En somme, le législateur doit être modeste : ce n'est pas à la loi de régler ces problèmes. Celle-ci doit simplement donner au juge, à la victime et à l'auteur les moyens de trouver la sortie du cercle infernal des violences conjugales. Il est vrai que parler davantage de ces sujets aidera davantage de victimes à oser prendre la parole. Je me rappelle que le procureur de Strasbourg, en conseil intercommunal de sécurité et de prévention de la délinquance (CISPD), demandait à l'agglomération de financer les « téléphones grand danger » dont nous munissions les victimes, arguant que la justice n'en avait pas les moyens. Ces dispositifs sont pourtant essentiels car ils évitent le renouvellement des violences, qui vont parfois jusqu'à l'assassinat.
M. Thani Mohamed Soilihi . - Je suis d'accord avec la rapporteure, et souhaite simplement ajouter qu'il existe certains recoins de notre République où le sujet des violences conjugales demeure tabou. Ce n'est pas en durcissant notre loi pénale, qui s'applique uniformément sur tout le territoire de la République, que nous parviendrons à y améliorer la situation et à délier les langues. À Mayotte, ce sujet doit encore être travaillé.

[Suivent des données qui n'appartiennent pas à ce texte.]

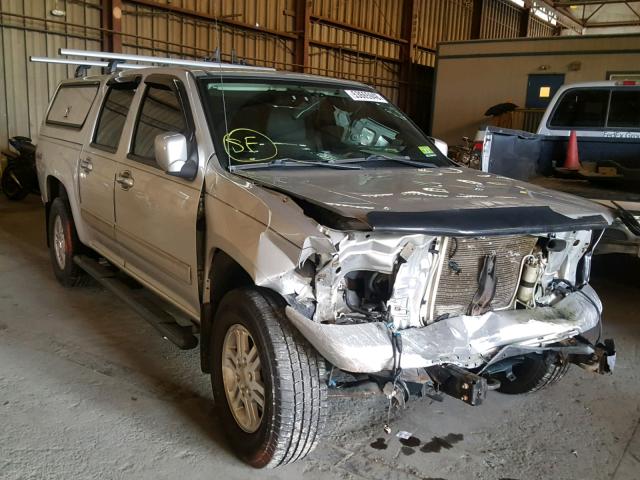 1GCHTCFE6B8125099 - 2011 CHEVROLET COLORADO L SILVER photo 1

Mme Brigitte Lherbier, rapporteur . - Oui, la situation est catastrophique : en 2016, 123 femmes et 34 hommes ont été tués par leur conjoint ou leur conjointe. Inadmissible ! Il faut trouver une solution. Nous devons inciter les femmes à porter plus souvent plainte : entre 2012 et 2017, seule une victime sur cinq l'a fait. L'accueil et le suivi dans les commissariats doivent être améliorés : mieux épauler les victimes relève de la politique pénale. Quant aux sanctions, elles ont certes vocation à punir, mais elles doivent aussi être l'occasion d'échanger avec l'auteur des violences et d'analyser le cheminement qui l'a mené au passage à l'acte. Or un conseiller pénitentiaire d'insertion et de probation gère en moyenne une centaine de dossiers : c'est beaucoup trop ! Nous sommes tous convaincus que l'automaticité des réductions de peine n'est pas une bonne chose et qu'il faut retravailler ce dispositif pour l'individualiser.
Des mesures ont déjà été prises pour épauler les femmes victimes de violences conjugales. Dans le cadre d'un divorce, il est possible d'organiser l'éviction de l'auteur des faits du domicile conjugal et de lui retirer l'autorité parentale. Bien sûr, toute mesure peut avoir des effets pervers. Par exemple, le juge doit avertir la victime de la sortie de prison de son bourreau. Souvent, celle-ci ne l'accepte pas - mais cette sortie est inévitable ! Je suis convaincue que nous trouverons des cheminements pour améliorer la situation.
M. Philippe Bas, président . - Ne fermons pas la porte à la réflexion.
À l'issue de ce débat, la proposition de loi n'est pas adoptée par la commission.